Here we visualize the error during training at every 100th iteration, which is the default archive rate.

err_dict = net.training_archive

for k in ['mse', 'sse', 'inf']:
    plt.loglog(net.iterations,err_dict[k],'-', label=k)
plt.grid()
plt.xlabel('iterations')
plt.ylabel('error')
plt.legend()
plt.show()
_images/tutorial-pounet-error1.png

We can evaluate the POUnet and its derivatives.

pred = net(ivars)

plt.plot(dvar,dvar,'k-')
plt.plot(dvar,pred,'r.')
plt.grid()
plt.xlabel('observed')
plt.ylabel('predicted')
plt.title('QoI')
plt.show()
_images/tutorial-pounet-parity1.png
der = net.derivatives(ivars) # predicted

der1 = 2.*np.ones_like(dvar) # observed
der2 = 0.2*ivars[:,1] # observed

plt.plot(der1,der1,'k-')
plt.plot(der1,der[:,0],'r.')
plt.grid()
plt.xlabel('observed')
plt.ylabel('predicted')
plt.title('d/dx1')
plt.show()

plt.plot(der2,der2,'k-')
plt.plot(der2,der[:,1],'r.')
plt.grid()
plt.xlabel('observed')
plt.ylabel('predicted')
plt.title('d/dx2')
plt.show()
_images/tutorial-pounet-dx1.png _images/tutorial-pounet-dx2.png

We can then save and load the POUnet parameters to/from file. The training history needs to be saved separately if desired.

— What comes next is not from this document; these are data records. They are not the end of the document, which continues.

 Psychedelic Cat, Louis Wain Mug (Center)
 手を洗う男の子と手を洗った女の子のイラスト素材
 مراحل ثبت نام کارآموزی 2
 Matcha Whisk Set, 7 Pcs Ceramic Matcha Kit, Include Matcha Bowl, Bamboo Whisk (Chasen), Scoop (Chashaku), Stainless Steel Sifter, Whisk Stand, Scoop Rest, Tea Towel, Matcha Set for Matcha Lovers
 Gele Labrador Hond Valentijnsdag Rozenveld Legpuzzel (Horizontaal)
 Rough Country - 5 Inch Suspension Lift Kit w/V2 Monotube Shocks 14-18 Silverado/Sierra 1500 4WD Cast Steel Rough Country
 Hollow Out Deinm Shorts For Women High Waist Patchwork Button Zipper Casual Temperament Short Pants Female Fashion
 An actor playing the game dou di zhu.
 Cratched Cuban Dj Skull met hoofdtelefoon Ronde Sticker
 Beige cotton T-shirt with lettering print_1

# Save the POUnet to a file
net.write_data_to_file('filename.pkl')

# Load a POUnet from file
net2 = PartitionOfUnityNetwork.load_from_file('filename.pkl')

# Evaluate the loaded POUnet (without needing to build the graph)
pred2 = net2(ivars)

It is also possible to train a POUnet more after loading from file…

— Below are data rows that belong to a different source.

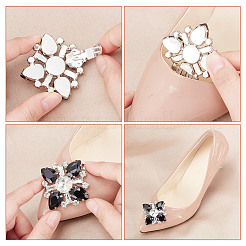 2 пара 2-х стилей стеклянных украшений для обуви со стразами&nbsp;AJEW-AR0001-78A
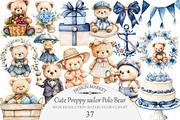 Cute Preppy sailor Polo Bear Clipart, an Illustration by Design Market (Thumbnail 1 of 4)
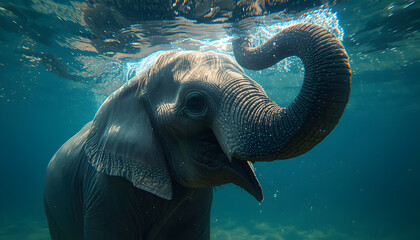 An adult elephant is seen swimming in clear water from an underwater perspective. Its trunk is raised above the water's surface to breathe.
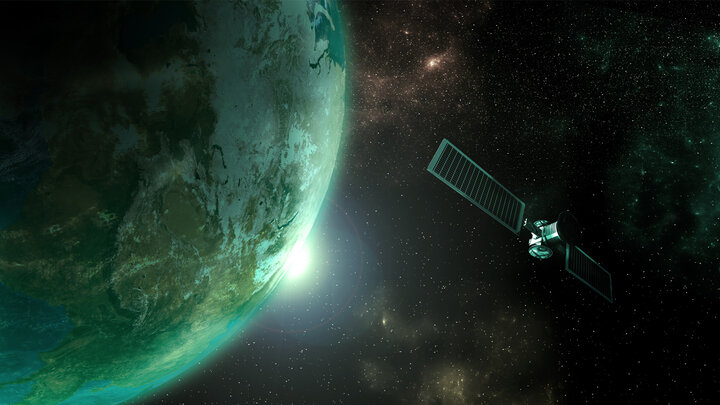 A decorative image of dark space with a green planet visible on the left and a satellite hovering next to it on the right.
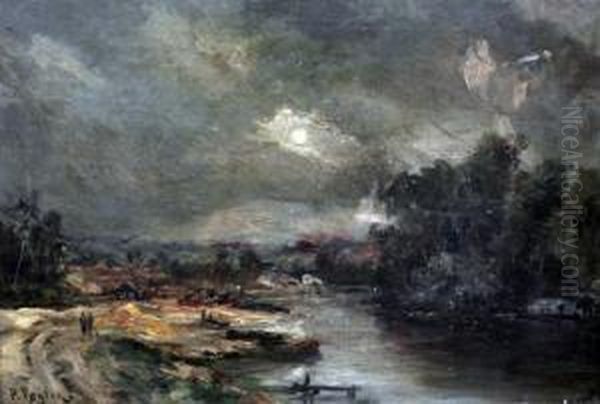 River Landscape Under Moonlight - view 1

net2.build_training_graph(ivars, dvar, error_type='abs')
net2.train(1000, archive_rate=100, verbose=False)

Notice how the error history for the loaded POUnet only includes the recent training.

err_dict = net2.training_archive

for k in ['mse', 'sse', 'inf']:
    plt.loglog(net2.iterations,err_dict[k],'-', label=k)
plt.grid()
plt.xlabel('iterations')
plt.ylabel('error')
plt.legend()
plt.show()
_images/tutorial-pounet-error2.png

More training may be beneficial if new training data, perhaps with more resolution, become available…

ivars2 = np.meshgrid(np.linspace(1,2,20), np.linspace(1,2,20))
ivars2 = np.vstack([b.ravel() for b in ivars2]).T

dvar2 = 2.*ivars2[:,0] + 0.1*ivars2[:,1]**2

net2.build_training_graph(ivars2, dvar2, error_type='abs')
net2.train(1000, archive_rate=100, verbose=False)

If we have a different QoI that we want to use the same partitions for, we may also create a new POUnet from trained parameters and redo the least squares regression to update the basis coefficients appropriately…

dvar_new = ivars[:,0]*2 + 0.5*ivars[:,1]

net_new = PartitionOfUnityNetwork.load_from_file('filename.pkl')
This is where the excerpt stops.